HAR is pleased to announce the latest release from BEROSE International Encyclopaedia of the Histories of Anthropology: an article in two versions – English and Italian – on the visual ethnography of U.S. anthropologist Frank Cancian, who sadly just passed away on November 24, 2020.

Faeta, Francesco, 2020. “‘I never left Lacedonia’. The 1950s Italian Mezzogiorno in Frank Cancian’s Visual Ethnography,” in BEROSE International Encyclopaedia of the Histories of Anthropology, Paris.

Faeta, Francesco, 2020. “«I never left Lacedonia». Il Mezzogiorno italiano degli anni Cinquanta nell’etnografia visuale di Frank Cancian,” in BEROSE International Encyclopaedia of the Histories of Anthropology, Paris.

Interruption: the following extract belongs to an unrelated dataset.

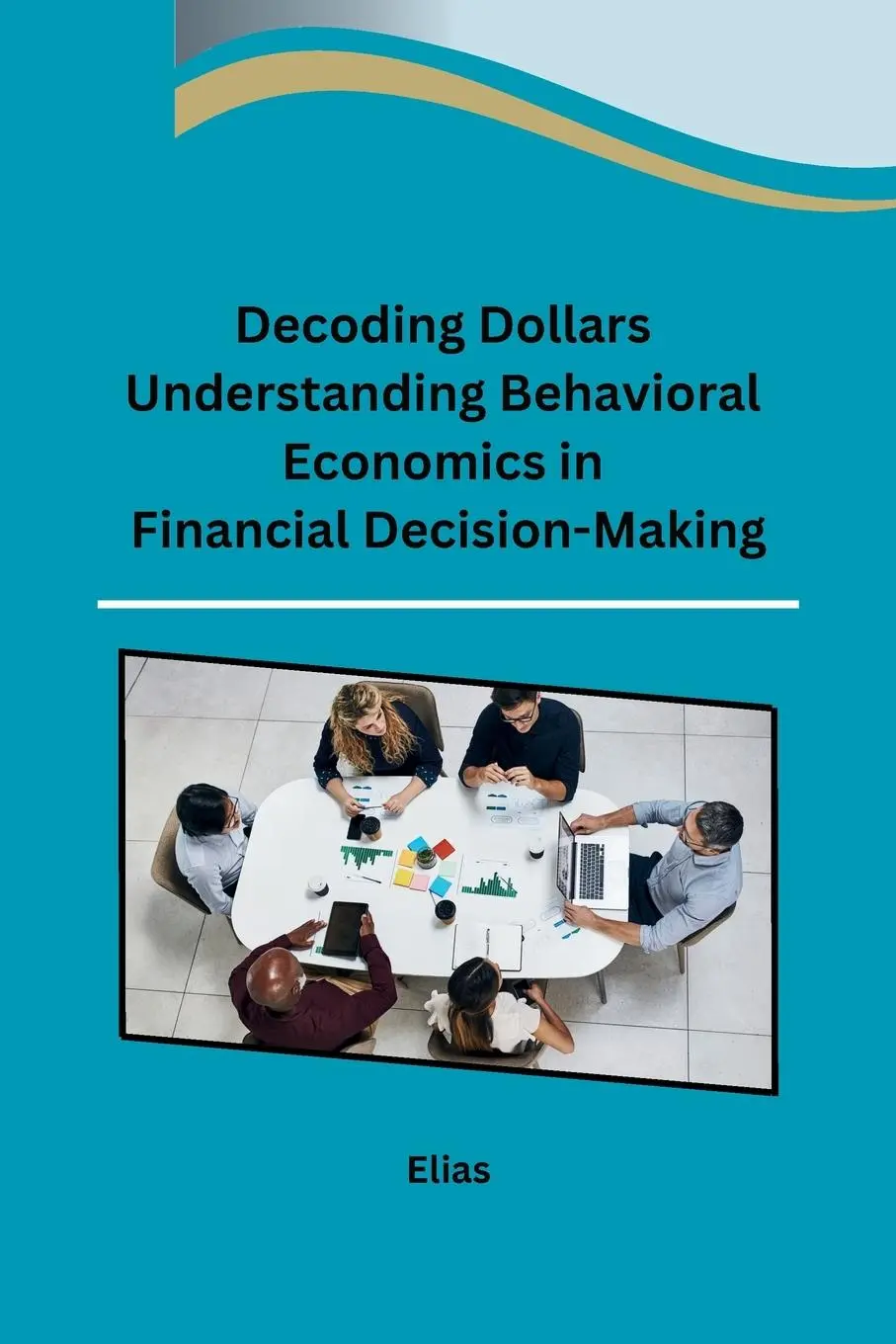 Cover: 9798869045393 | Decoding Dollars Understanding Behavioral Economics in Financial...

When the iconic U.S. visual anthropologist Frank Cancian – who died on November 24, 2020 – was a 23-year old, he did path-breaking fieldwork in Southern Italy, the Mezzogiorno. In the late 1950s, this region was in the forefront of community studies, but social scientists were divided between a commitment for knowledge, reformist and ideological perspectives, or simply the aspiration to describe a supposedly archaic world that was finally embracing “modernity.” While some shed a gloomy light on the supposed lack of agency of the Mezzogiorno peasants, Frank Cancian conducted his systematic photographic survey in the village of Lacedonia with utmost respect for the inhabitants and attention to their daily community social life. Away from ideological prejudice, he showed a desire for visual experimentation within a frame of reciprocity. In this illustrated article, which was written in dialogue with Cancian and now pays tribute to his legacy, Francesco Faeta claims that no anthropologist who studied the South of Italy during those years has left us with a more vivid and complete photographic portrait of its communities. Cancian experienced the desire to understand the dark side of the observed society, manifest through emigration, unemployment, social disparity, mistrust, disenchantment, and an ambiguous relationship with looming modernity. Faeta gives the reader an in-depth historical, theoretical, and methodological account of the issues at stake in Cancian’s visual ethnography and Italian studies of the post-war period. Fifty years later, in 2017, Frank Cancian bequeathed 1,801 photographs and his field notebooks to the community of Lacedonia, so passing on an invaluable testimony which is displayed in a photographic exhibition curated by Francesco Faeta, held in Rome at the Museo delle Civiltà (Museum of Civilizations) until January 2021.